Information provided:

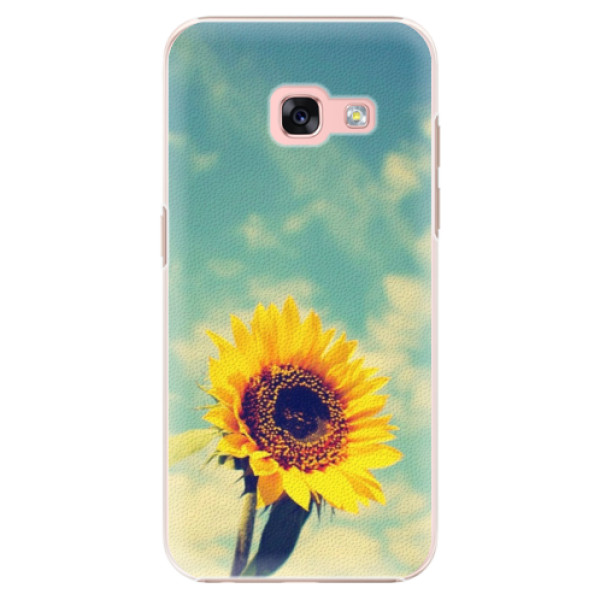 Plastové puzdro iSaprio - Sunflower 01 - Samsung Galaxy A3 2017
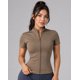 thumbnail image 1 of Polera Deportiva Para Mujer Compresión Manga Corta Con Cierre, 1 of 3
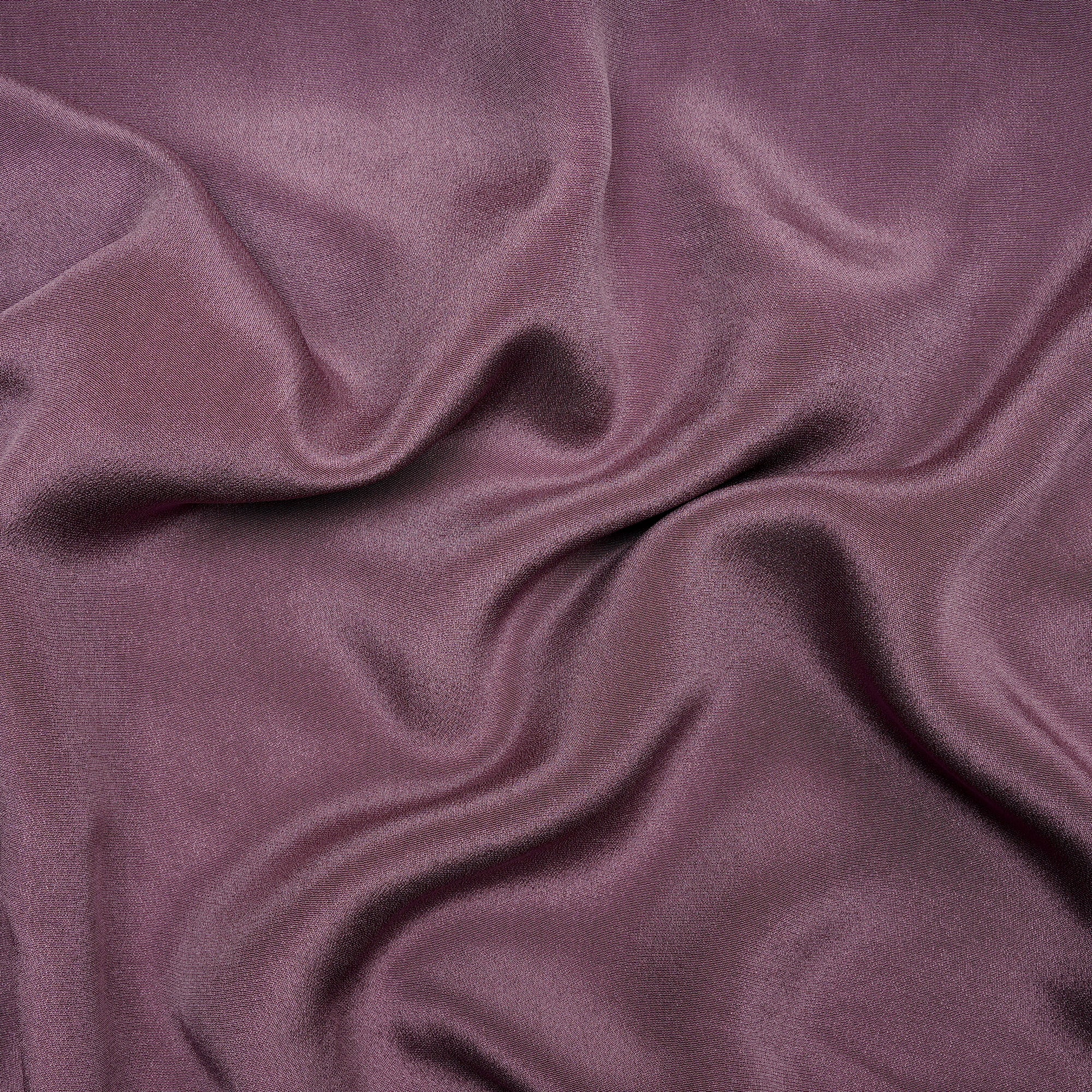 Dusty Lavender Color Heavy Crepe Silk Fabric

Exercise details:
Restate the material word for word; no picture should appear in the copy.

Response area:
 Plastové puzdro iSaprio - Sunflower 01 - Samsung Galaxy A3 2017
 thumbnail image 1 of Polera Deportiva Para Mujer Compresión Manga Corta Con Cierre, 1 of 3
 Dusty Lavender Color Heavy Crepe Silk Fabric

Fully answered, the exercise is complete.